Team N.L. had not one, not two, not three, but four different family ties on their squad. Twin sisters Julia and Kayla MacKinnon, brothers Elliot and Jack Sampson, brothers Alex and Jack Kennedy and finally the mother-son duo of Raeleen and Gavin Baggs.
The athletes came together to celebrate their support systems after a hard-fought game against Saskatchewan. Each athlete gifted a Canadian Tire Family Pin to one of their loved ones as a token of appreciation for their help and support in getting them where they are today. The team also received Sport Chek gift cards as a thank you from Canadian Tire.
“It can be a little stressful and other times encouraging honestly. It’s nice to have a member of your family on the team so you have that real opinion and person you need close to you,” said Gavin Baggs. “It does put a little stress on though because she knows what I should be doing and if I don’t reach the expectation she’ll help me through it. It is nice to have her on the bench.”
Gavin’s mother Raeleen is the manager of team N.L. and assured me they try to separate the mother-son connection come game time.
“It’s great. We try to really separate the mother-son thing when we’re on the bench. It’s nice though, I can always give him a sentimental text to say make sure you’re doing this make sure you’re doing that, more of a mom and outside of the manager,” said Raeleen.
Alex Kennedy played on the Wheelchair basketball team for N.L. at the Canada Games in Red Deer in 2019. This Canada Games, however, he got to share the experience with his brother Jack.
“It’s really cool. To be able to see my youngest brother on the court with us, it’s a really cool feeling as an older brother,” said Alex.
Jack Kennedy knows how special it is to appear at the Canada Games, being able to do it with his brother brings it to the next level for him though.
“It’s great, it’s not bad at all, it’s really special. It’s my first Games, Alex’s second, and being here for the first time is one thing but being here with Alex is another, it's been surreal,” said Jack.
The support for N.L.’s Wheelchair basketball team was a sight to behold.

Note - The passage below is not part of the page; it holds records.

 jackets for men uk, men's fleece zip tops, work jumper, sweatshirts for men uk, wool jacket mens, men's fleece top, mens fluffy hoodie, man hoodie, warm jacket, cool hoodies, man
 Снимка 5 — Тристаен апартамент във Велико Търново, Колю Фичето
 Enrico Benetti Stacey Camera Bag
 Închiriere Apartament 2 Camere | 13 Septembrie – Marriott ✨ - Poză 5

As a team, you can only have five players on the court at a time, but with the support they had, it was like having a sixth player beside them.
“It’s electric man, it’s so cool. We’ve had family and friends come out, we’ve had athletes from other sports come out and it really brings up the vibe in the room, in the gym and on the bench. It’s really special and we want to thank everybody for being here,” said Alex.

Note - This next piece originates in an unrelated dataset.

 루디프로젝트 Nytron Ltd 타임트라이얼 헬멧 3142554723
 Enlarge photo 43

Jack Kennedy couldn’t agree with his brother more.
“Man, it’s been unreal. It’s the first time I’ve experienced a crowd like this, it’s great. We’ve been down almost every game we’ve played but it has never felt like that. Our family is behind us, our friends are behind us and our province is behind us. It’s been truly great,” said Jack.

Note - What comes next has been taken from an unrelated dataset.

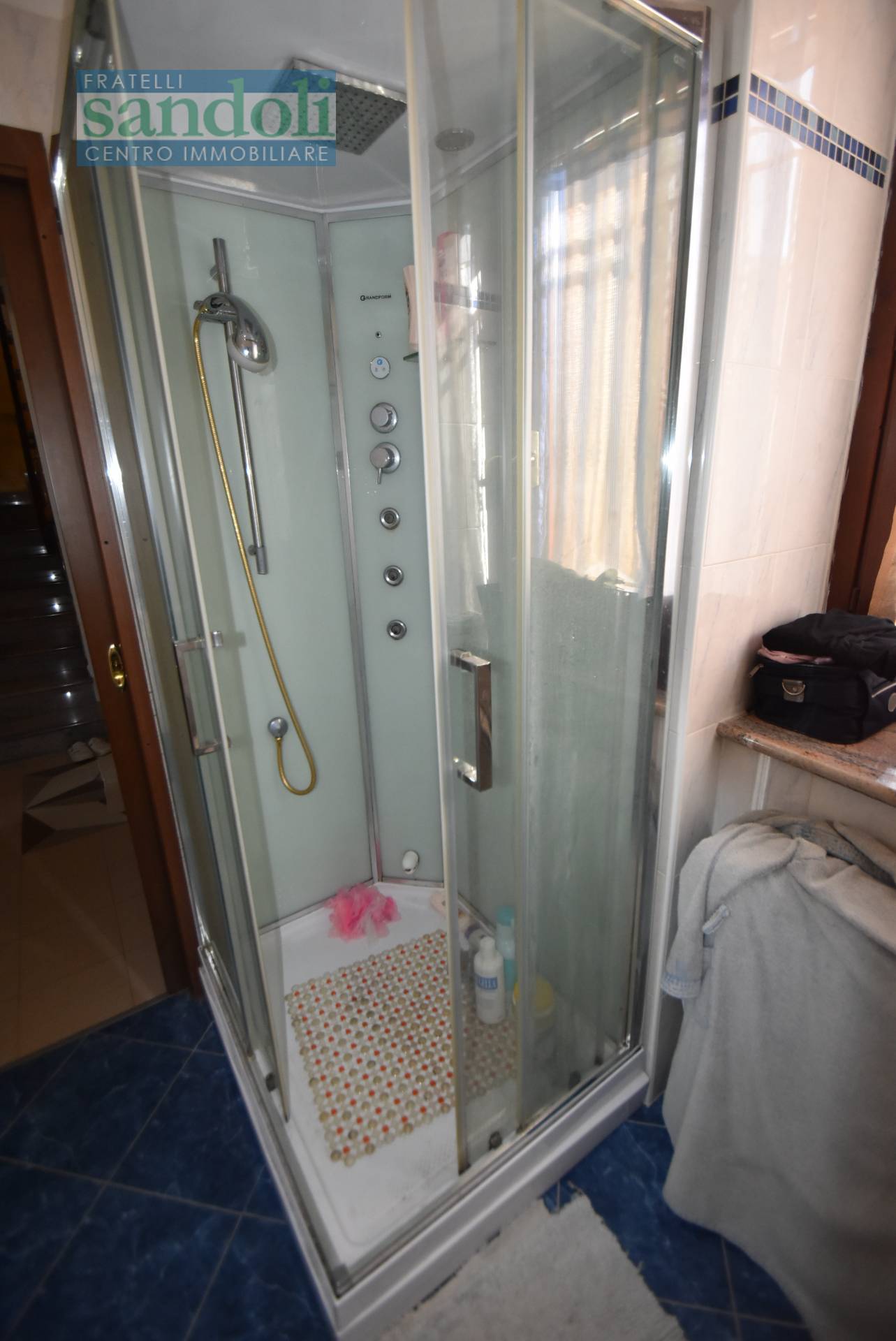 Indipendente in vendita a Lignana, Paesi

Gavin Baggs was also extremely appreciative of the love and support shown during their games.
“It’s really encouraging. These are people who know that we’re a team who will fight no matter what the score is. If we’re leading or trailing, if we win or lose, we still know they will be behind us every step of the way. It’s really nice just having them here supporting us,” said Gavin.
Team N.L.’s bond didn’t stop on the court either. The Wheelchair basketball team took in Newfoundland & Labrador’s Men’s hockey team games to show their fellow Newfies’ support. The hockey team was also in attendance for the basketball games. The two squads were actually roommates in the athlete's village.